Nun muss Katar allein aus geographischen Gründen gute
Kontakte zu Teheran pflegen, denn beide Staaten sind
Nachbarn und beuten gemeinsam das weltweit größte Erdgasfeld
im Persischen Golf aus, das die Seegrenzen beider Staaten
überschneidet. Saudi-Arabien sprach wegen dieser politischen
Nähe Katars zum Iran zusammen mit den Emiraten einen Boykott
gegen den kleinen Staat aus.
Irgendwie
vermischt sich das Komplott der Saudis gegen Katar, das
sicher nicht ohne Druck der USA zustande kam, mit einer
familiären Angelegenheit der Trumps. Denn Trumps
Schwiegersohn Jared Kushner hat milliardenschwere
Verbindlichkeiten wegen einer Immobilie in New York und
hatte bei reichen Vertretern Katars um einen Kredit
nachgesucht, war mit seinem Anliegen aber gescheitert.

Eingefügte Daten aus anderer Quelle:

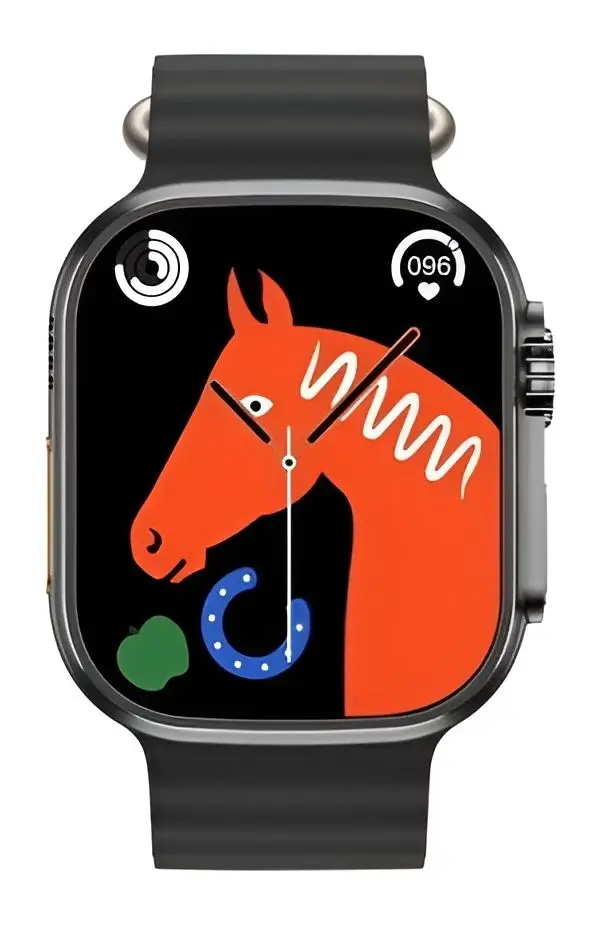 Ceas inteligent Charome T8 Ultra (Black)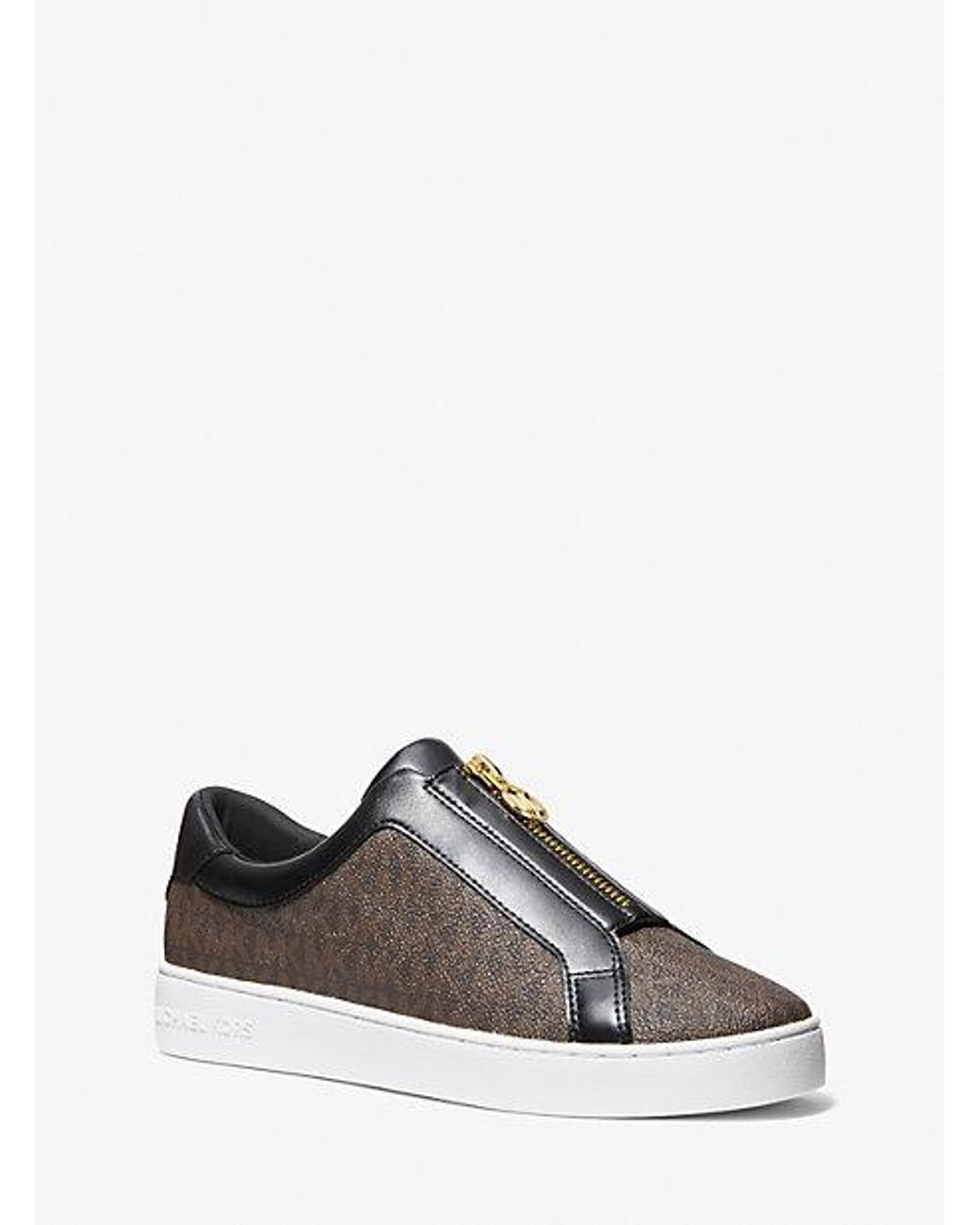 Michael kors logo trainers deals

Lüders merkt dazu an: „Katarischer Darstellung zufolge war
der begeisterte Tweet Trumps beim Boykott Katars
(„…Vielleicht der Anfang vom Ende des terroristischen
Horrors!“) eine unmittelbare Reaktion auf weitere
gescheiterte Verhandlungen Kushners mit katarischen
Investoren im Zusammenhang mit seiner Luxusimmobilie 666
Fifth Avenue. Wenn es Dohar [Hauptstadt und Regierungssitz
Katars] gelingt, dafür den Beweis zu erbringen, etwa auf der
Grundlage gehackter Informationen, ist Kushner geliefert und
Trump als Präsident angezählt. Das würde an Landesverrat
grenzen – ein Showdown am Golf, weil der Pleitier Kushner
dringend Geld benötigt, es aber nicht bekommt, und sein
Schwiegervater zu ihm hält?“
Auch bei
dem Krieg in Syrien ging es den USA und auch Israel nie –
wie behauptet – um Demokratie und Menschenrechte, sondern um
den Sturz des Assad-Regimes und den Gewinn der strategischen
Tiefe in der Auseinandersetzung mit den Schiiten im Irak und
Iran. Wenn der Westen (in diesem Fall die USA und die EU) im
Bündnis mit der Türkei und den Golfstaaten seinen Einsatz in
Syrien mit den Gräueltaten des Assad-Regimes begründet (weil
es dadurch jede Legitimität verloren habe), ist das, ohne
das brutale Vorgehen des syrischen Diktators leugnen zu
wollen, pure Heuchelei, denn die amerikanische Politik hat
nie Skrupel gehabt, blutrünstige Diktatoren zu unterstützen,
wenn sie ihren Interessen dienten. So ist der ägyptische
Präsident as-Sisi trotz gravierender
Menschenrechtsverbrechen ein treuer Verbündeter der USA. Der
frühere US-Präsident Ronald Reagan pflegte über solche
Diktatoren zu sagen: „Natürlich sich das Verbrecher, aber es
sind ‚unsere‘ Verbrecher!“
Lüders
weist auch darauf hin, dass nicht nur die Rückeroberung
Aleppos und Ost-Ghoutas durch die syrische Armee viele Opfer
gekostet und furchtbare Zerstörungen angerichtet hat,
sondern genauso auch die Rückeroberung Mossuls und Raqqas
durch die US-Armee und ihre Verbündeten. Lüders
Schlussfolgerung: „Die Kritik wird heuchlerisch, wenn sie
sich ausschließlich gegen eine Kriegspartei richtet, denn
alle Kriegsparteien haben sich in Syrien wie auch im Irak
dieser Methoden bedient: Einkreisen, Aushungern und
Dauerbeschuss des Gegners.“
Zu
hinterfragen sind auch die Vorwürfe gegen das Assad-Regime,
Giftgas eingesetzt zu haben. Besonders im Fall Ost-Ghouta.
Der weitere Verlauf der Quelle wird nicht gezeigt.